YOUR ASSIGNMENT: The data below should be restated word for word, pictures omitted.

DATA PROVIDED:

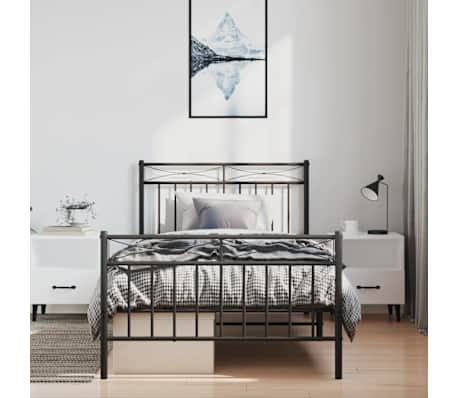 vidaXL Bedframe met hoofd- en voeteneinde metaal zwart 100x200 cm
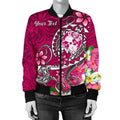 FUNSTUFFPRINT Bomber Jacket Tonga Custom Personalised - Turtle Plumeria (Pink) 3D Bomber Jacket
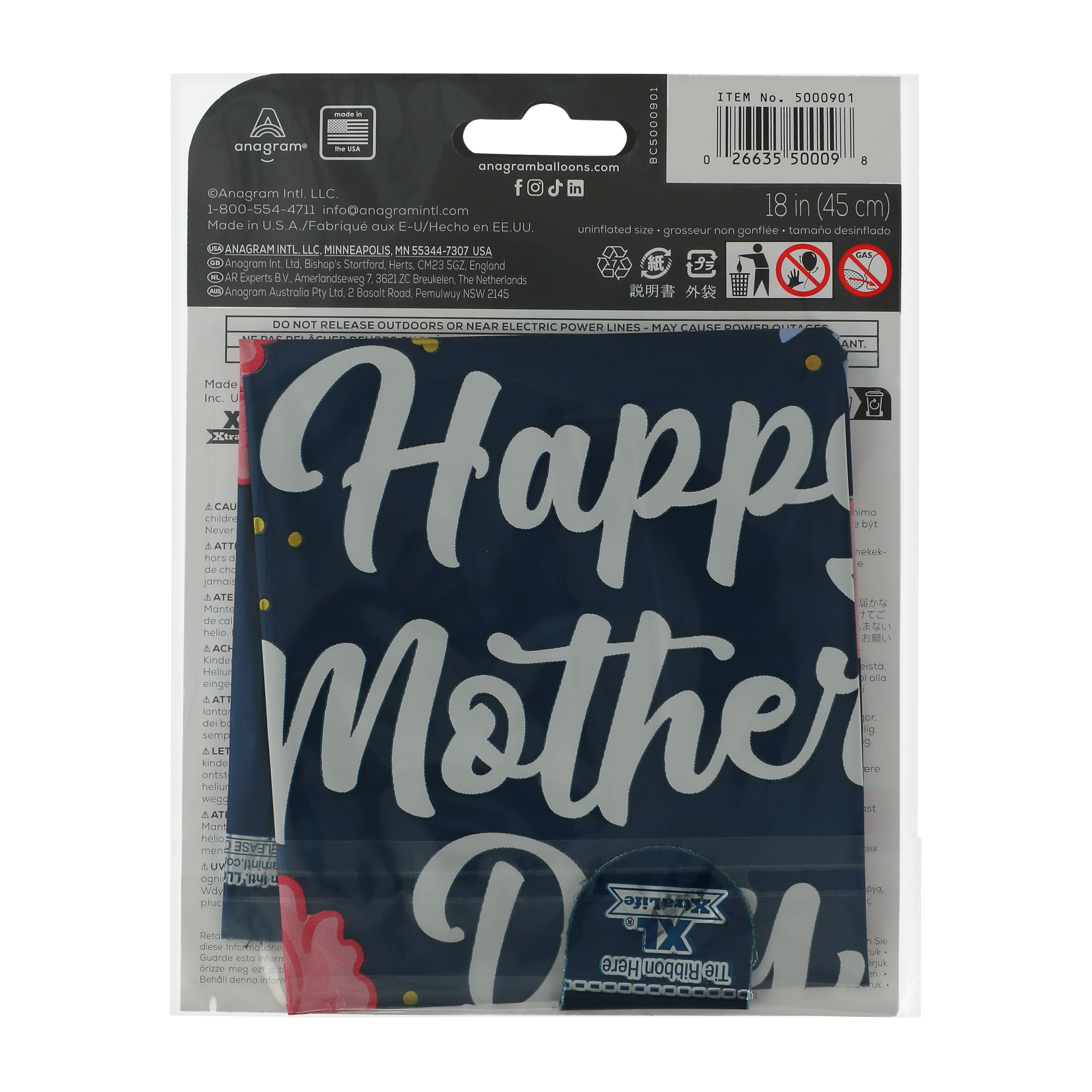 Anagram® Happy Mother's Day Satin Luxe™ Infused Decorative Balloon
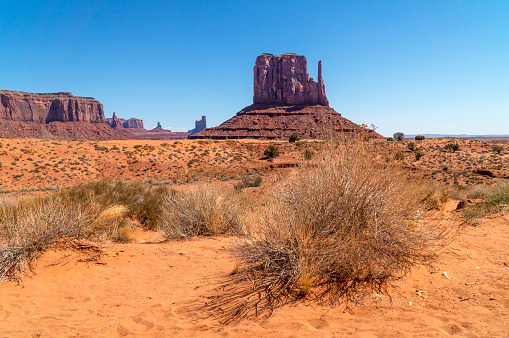 Monument valley under the blue sky, Arizona–Utah border. USA.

FINISHED EXERCISE:
 vidaXL Bedframe met hoofd- en voeteneinde metaal zwart 100x200 cm
 FUNSTUFFPRINT Bomber Jacket Tonga Custom Personalised - Turtle Plumeria (Pink) 3D Bomber Jacket
 Anagram® Happy Mother's Day Satin Luxe™ Infused Decorative Balloon
 Monument valley under the blue sky, Arizona–Utah border. USA.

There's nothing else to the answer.